The trial will give jurors a close-up view of how Springfield operated in the last decade. They’ll hear talk of an “old-fashioned patronage system.” And they’ll learn how an apparent obsession with pleasing Madigan might have prompted four officials to cross a legal line as ComEd sought to pass legislation it valued at more than $150 million.
But jurors will also watch as lawyers explore that line, between legal lobbying and criminal activity.
At the defendants’ tables will be longtime Madigan confidant Michael McClain of Quincy, former ComEd CEO Anne Pramaggiore, ex-ComEd lobbyist John Hooker and onetime City Club President Jay Doherty. They are each charged with bribery conspiracy and falsifying ComEd’s books and records, and they could face serious prison time if convicted.
They are accused of arranging for jobs, contracts and money for certain Madigan associates in an illegal bid to influence him as the legislation affecting ComEd moved through Springfield, where Madigan held considerable sway.
ComEd admitted to the scheme in 2020, agreeing to pay a $200 million fine.
The overall conspiracy allegedly lasted from 2011 until 2019. But jurors are likely to be taken back even further in time, to when ComEd apparently faced potential bankruptcy in 2005. Its operational capabilities remained poor years later, court records show.

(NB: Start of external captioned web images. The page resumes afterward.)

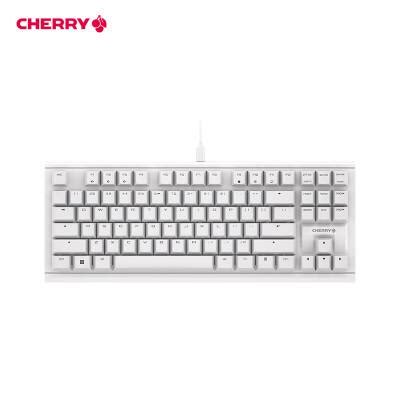 CHERRY键盘:樱桃MX1.1与G80-3000S的区别及选择建议_智能之家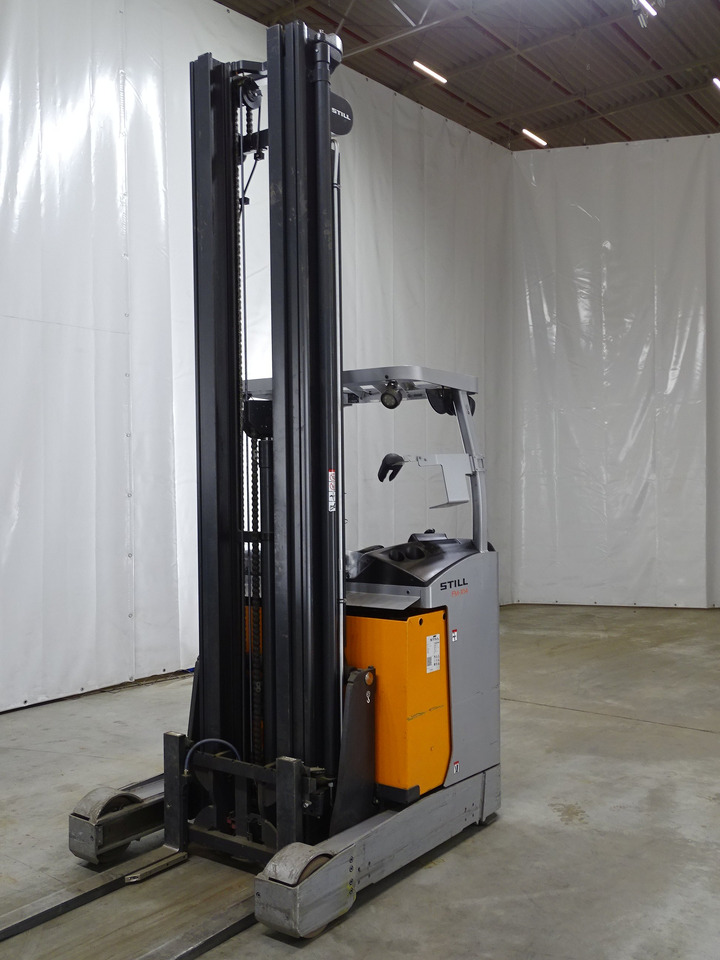 Still FM-X14 - Reach truck: picture 1 Still FM-X14 - Reach truck: picture 1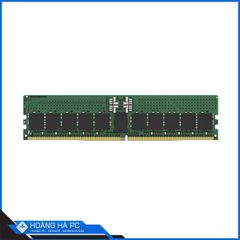  RAM DDR5 KINGSTON 32GB 5600MHz ECC Reg DIMM - CL46 
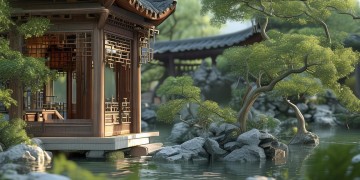 我抱琵琶楼台前究竟是哪首歌？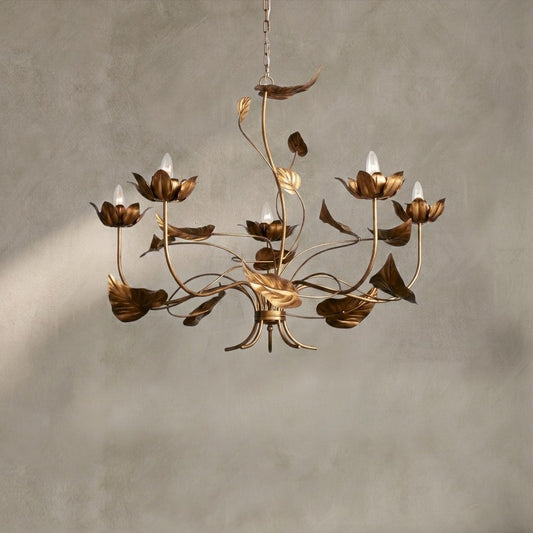 Ninfea Chandelier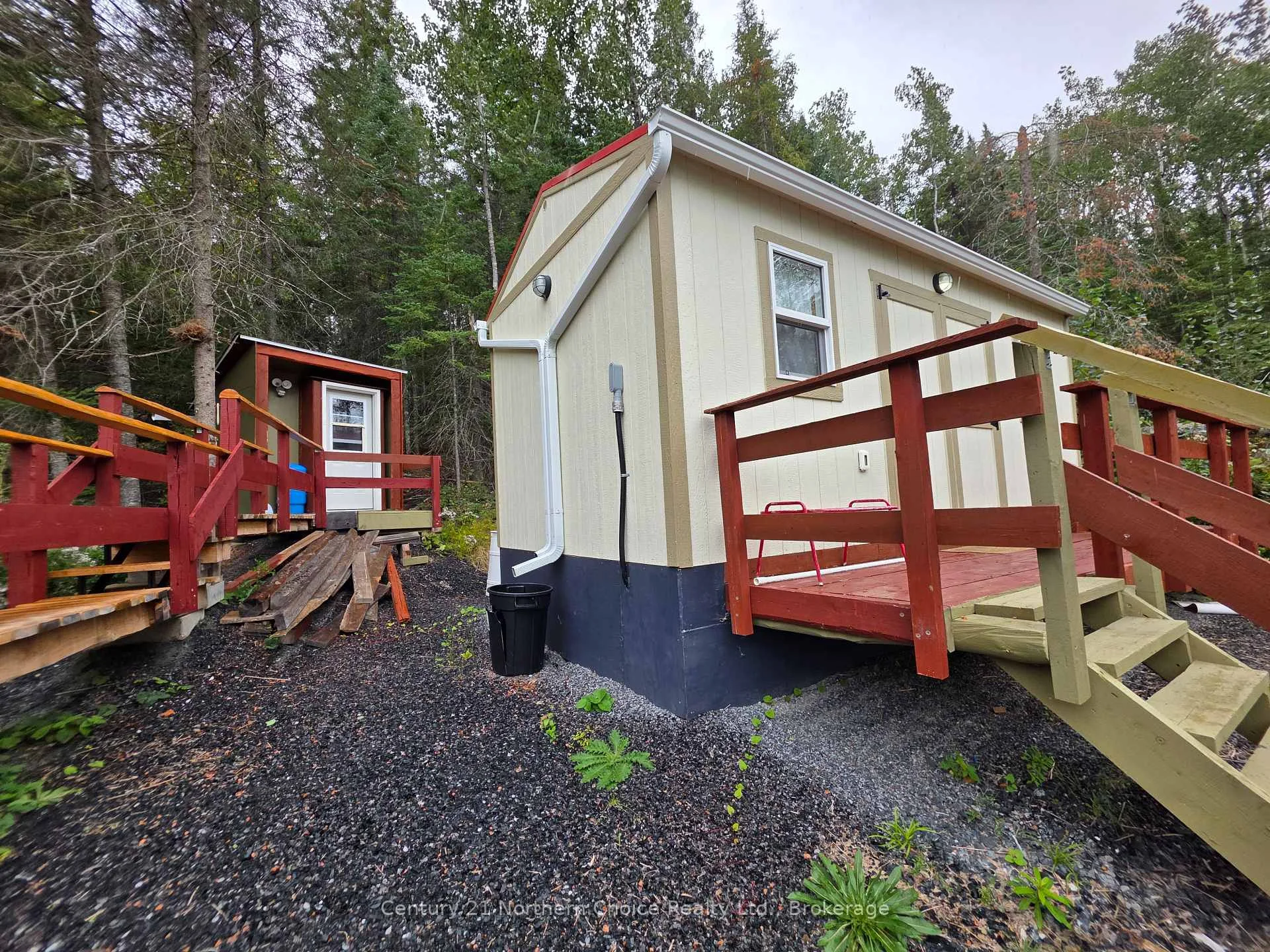Photo 27 of 47 Culloden Lake Road, Kenora Remote Area, Minaki-Winnepeg River — HOMEH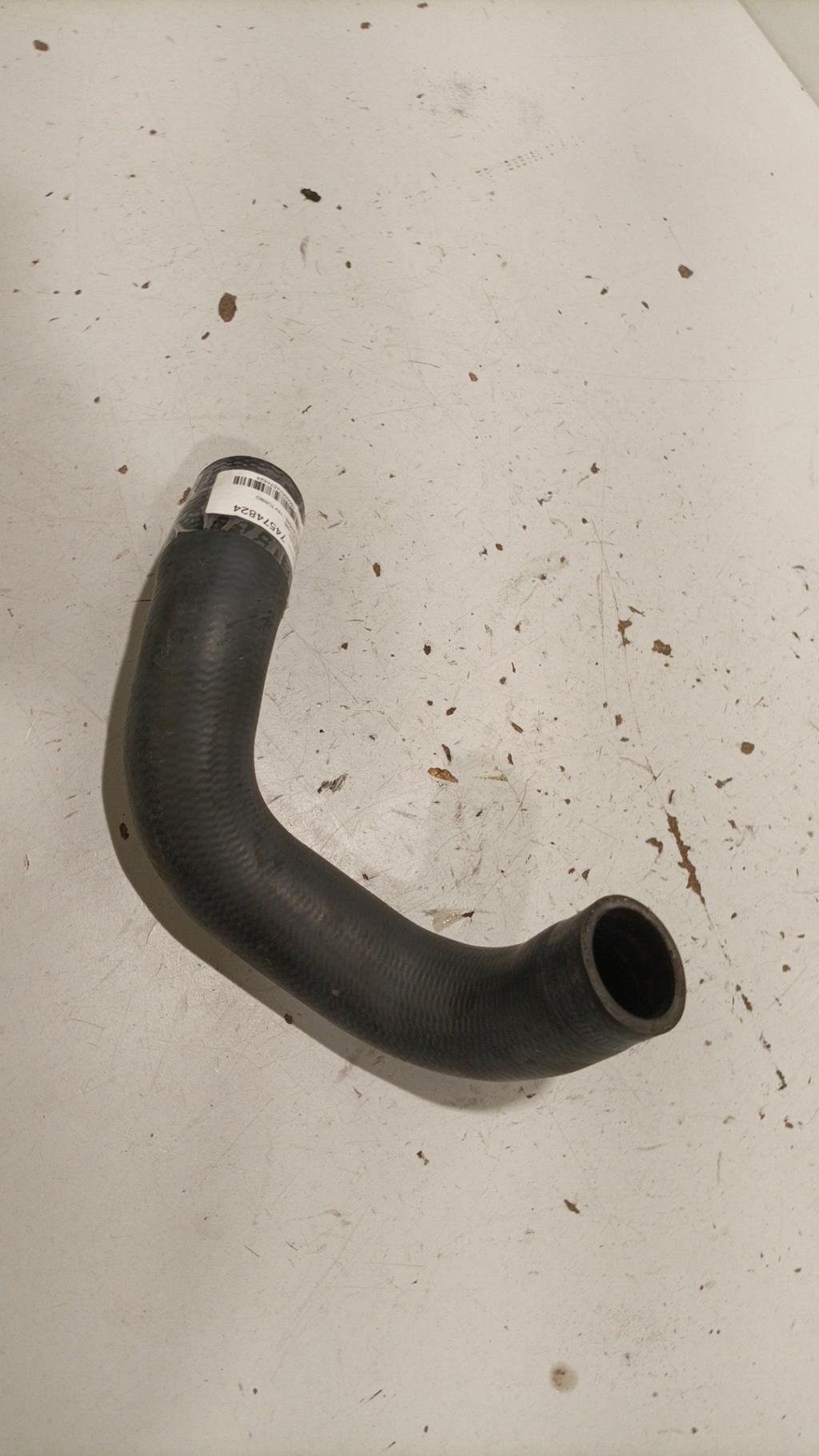 Durite de turbo SUZUKI SWIFT 3 Diesel - 1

When Pramaggiore took over as CEO in 2012, she allegedly viewed ComEd’s business through a political lens.
She was even known to say things like, “What’s important to the speaker is important to us,” according to court records.
McClain worked as a lobbyist or consultant for ComEd after his decade in the Illinois House of Representatives, which began in 1972. People within the utility would refer to him as a “double agent,” though, because he had close ties to Madigan.
Prosecutors say he often relayed messages between the speaker and the utility. They say he and others would refer to Madigan as “our friend” to avoid using the speaker’s name. However, the feds have also acknowledged that McClain disclosed to them in a pair of interviews, in 2014 and 2016, that “our friend” amounted to “a code word for Madigan.”
When he retired as a lobbyist in 2016, McClain allegedly sent Madigan a letter in which he wrote that he “wanted to let my ‘real’ client know that I am retiring.”
In a handwritten addendum, McClain allegedly told Madigan that “Illinois is a great state because of your hand on the rudder, and you know instinctively now, just like Richard J. Daley, when to start, slow or turn off the engine.”
The trial is expected to last two months. It’s one of three major public corruption trials scheduled at the Dirksen Federal Courthouse in the next 13 months, all of them targeting old-school Chicago politics. Madigan’s own trial is set for April 2024.